*** Opening of Data ***
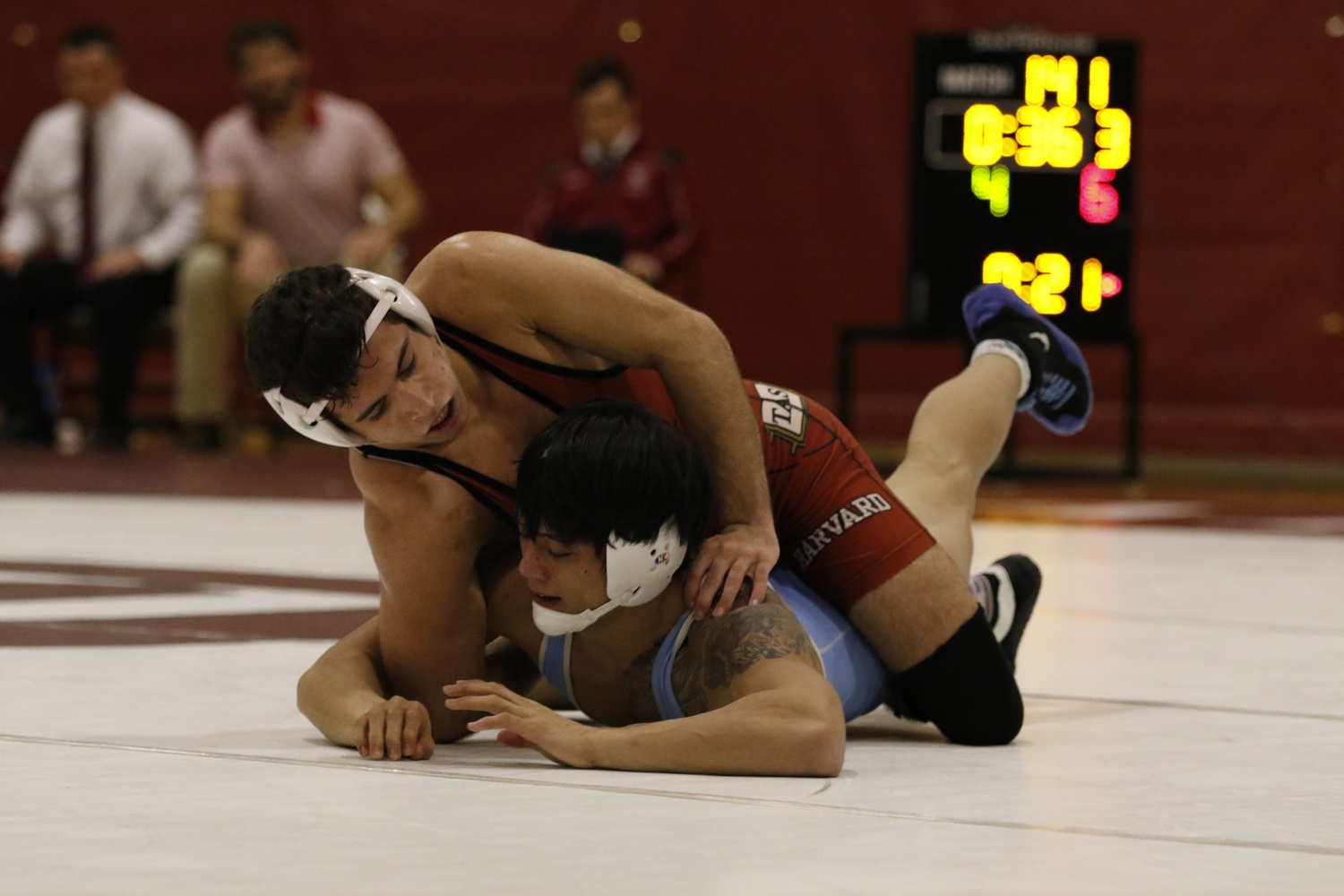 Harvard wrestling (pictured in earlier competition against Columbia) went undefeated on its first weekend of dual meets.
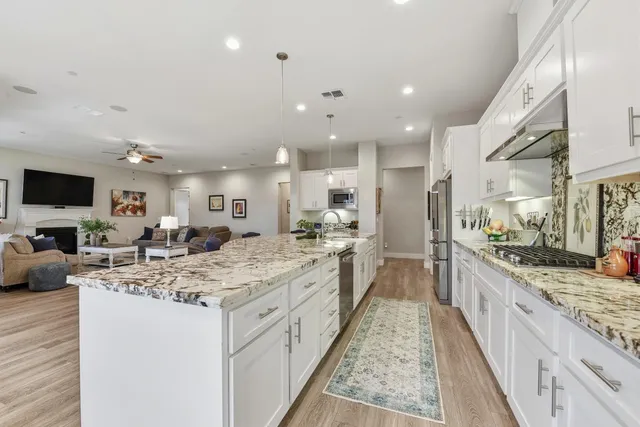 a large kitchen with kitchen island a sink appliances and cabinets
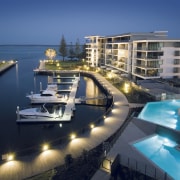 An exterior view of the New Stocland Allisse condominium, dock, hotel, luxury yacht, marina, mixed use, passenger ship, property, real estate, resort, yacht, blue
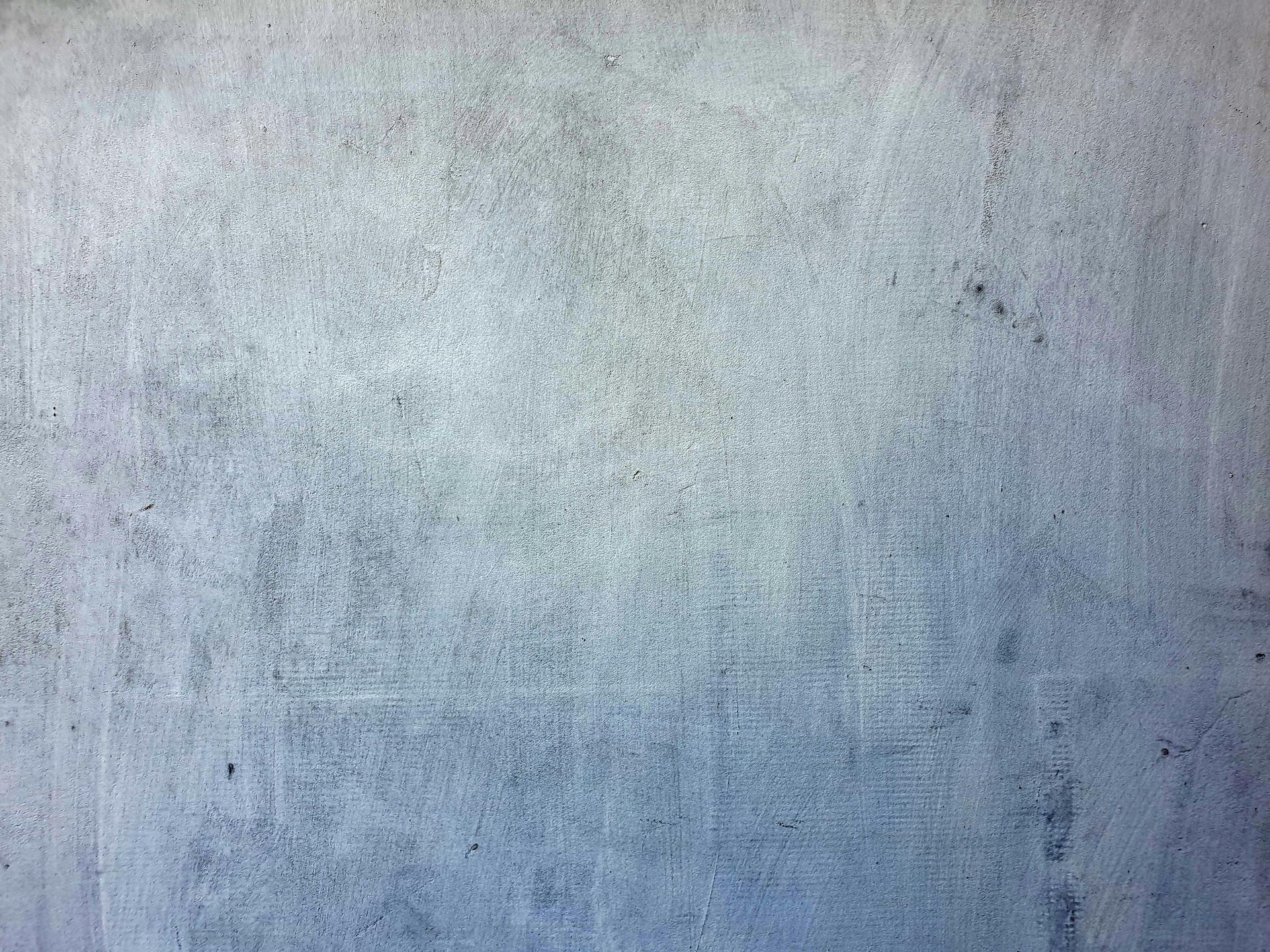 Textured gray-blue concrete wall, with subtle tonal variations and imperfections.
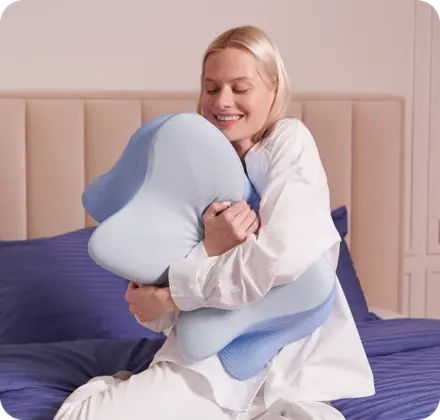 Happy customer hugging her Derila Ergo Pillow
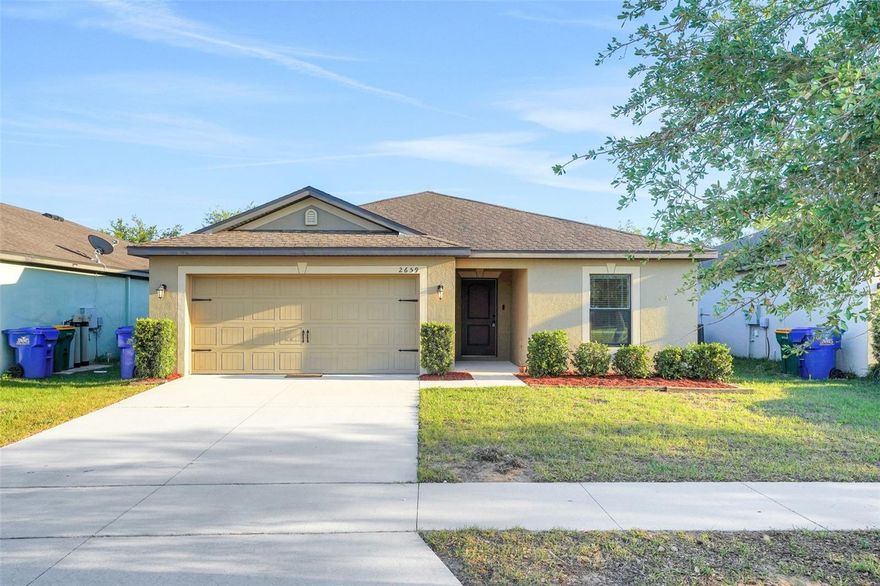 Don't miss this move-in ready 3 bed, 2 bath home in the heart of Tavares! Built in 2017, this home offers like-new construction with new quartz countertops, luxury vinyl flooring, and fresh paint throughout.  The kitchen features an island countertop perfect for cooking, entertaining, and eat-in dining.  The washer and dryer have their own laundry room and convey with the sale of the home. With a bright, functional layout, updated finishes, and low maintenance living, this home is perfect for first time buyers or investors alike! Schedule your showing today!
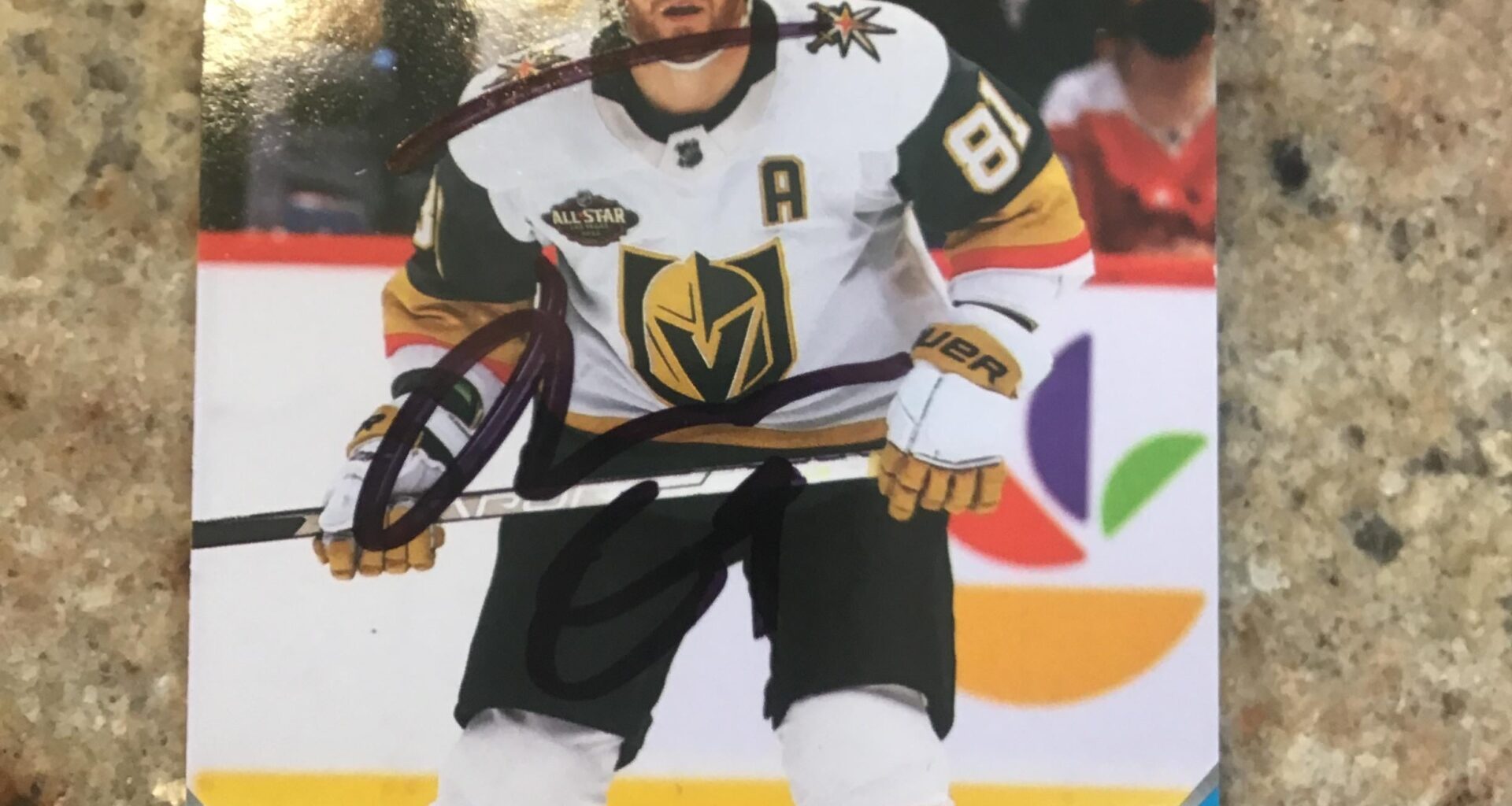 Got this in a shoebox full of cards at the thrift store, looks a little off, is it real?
*** Close of Data ***
An exact retyping of the entries, without images, is the required answer.

 Harvard wrestling (pictured in earlier competition against Columbia) went undefeated on its first weekend of dual meets.
 a large kitchen with kitchen island a sink appliances and cabinets
 An exterior view of the New Stocland Allisse condominium, dock, hotel, luxury yacht, marina, mixed use, passenger ship, property, real estate, resort, yacht, blue
 Textured gray-blue concrete wall, with subtle tonal variations and imperfections.
 Happy customer hugging her Derila Ergo Pillow
 Don't miss this move-in ready 3 bed, 2 bath home in the heart of Tavares! Built in 2017, this home offers like-new construction with new quartz countertops, luxury vinyl flooring, and fresh paint throughout.  The kitchen features an island countertop perfect for cooking, entertaining, and eat-in dining.  The washer and dryer have their own laundry room and convey with the sale of the home. With a bright, functional layout, updated finishes, and low maintenance living, this home is perfect for first time buyers or investors alike! Schedule your showing today!
 Got this in a shoebox full of cards at the thrift store, looks a little off, is it real?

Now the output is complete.